When Sue Butterworth first opened the doors of Silver Moon Women's Bookshop at 64 Charing Cross Road with her co-founder Jane Cholmeley, general publishing in the UK was having a hard time. It was 1984, and sales were plummeting, hardbacks were becoming an endangered species, the market was shrinking and many small presses were being swallowed up by the publishing giants.



Susan Ann Butterworth, bookseller and publisher: born Llandudno, Caernarvonshire 10 September 1950; died Bank, Hampshire 26 July 2004.



When Sue Butterworth first opened the doors of Silver Moon Women's Bookshop at 64 Charing Cross Road with her co-founder Jane Cholmeley, general publishing in the UK was having a hard time. It was 1984, and sales were plummeting, hardbacks were becoming an endangered species, the market was shrinking and many small presses were being swallowed up by the publishing giants.

Despite this wider malaise, feminist publishing was in good shape. Publishers such as Virago, the Women's Press and Pandora (a "casualty" of the conglomeration phenomenon of the time) were changing the shape of feminist writing. They had a common aim to speak passionately and to be heard. Through Silver Moon, Butterworth and Cholmeley influenced the way the book trade viewed women writers and customers.

Silver Moon's central London location put feminism and women's writing at the commercial heartland of bookselling. It went on to become the largest women's bookshop in Europe, and probably in the world.

Yet this was not an easy time for independent booksellers. For Butterworth and Cholmeley, being specialist and close to their customers was vital. Clever categorisation, creative displays and innovative product offers gave them the edge. Sue Butterworth recalled that one particular book for her held a significance that was both personal and professional. In a recent recording made for the National Life Story Collection, she said:

The book that changed my life was Sexual Politics by Kate Millett [published in 1970]. The box was open, the genie was out and I couldn't put it back in.

"Sexual Politics" became the biggest-selling section in the bookshop.

Virago biographies and authors such as Alice Walker and Margaret Atwood also sold well alongside Silver Moon's own publishing of "Lesbian Friday Night Reads". Silver Moon became more than a bookshop, too, selling jewellery, T-shirts, and producing a quarterly newsletter for their mail order customers; it made a difference to the lives of thousands of women in London - and, via mail order, throughout the UK and worldwide.

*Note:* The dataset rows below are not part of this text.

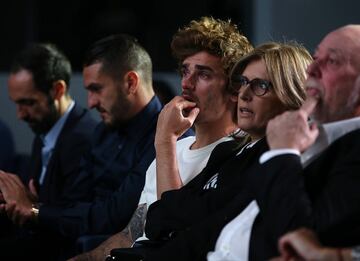 Griezmann muy emocionado durante el acto.  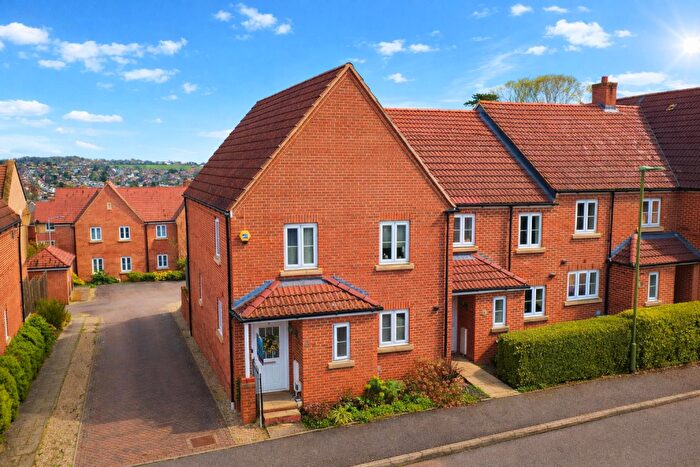 4 Bedroom End Of Terrace House For Sale In Siskin Drive, Aspen Park, Hemel Hempstead, HP3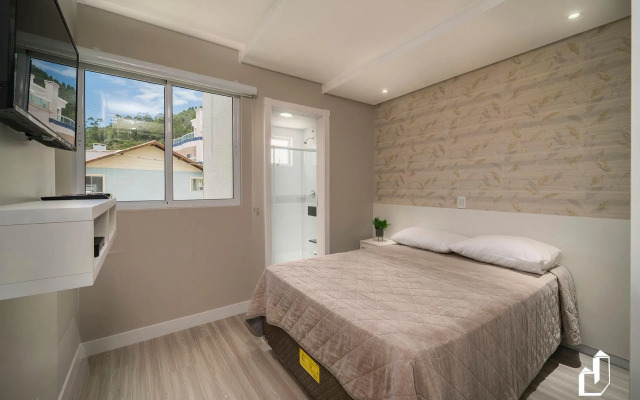 Duplex com piscina à beira mar e 03 suítes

Silver Moon flourished, pioneered author events and took over Collet's Bookshop next door, creating a double-fronted bookstore. Despite this success it eventually fell victim to successive rent increases and could no longer survive. The brand was bought by Foyles in 2001 and the site was closed. But Silver Moon still exists as a section in Foyles - just further up the Charing Cross Road.

Following the sale, Butterworth founded Meerkat Books, which, with Arts Council support, works to ensure independent booksellers have a collective voice, in dealing with publishers and developing joint promotions. In the wider context of the book trade she became sought after as a member of the Literature Advisory Panel of Arts Council England; a council member of the Booksellers Association; Vice-Chairman of BTBS, the book-trade charity; and Chairman of the Society of Bookmen. All these roles were tackled in her trademark style: thoughtful, positive and quietly confident.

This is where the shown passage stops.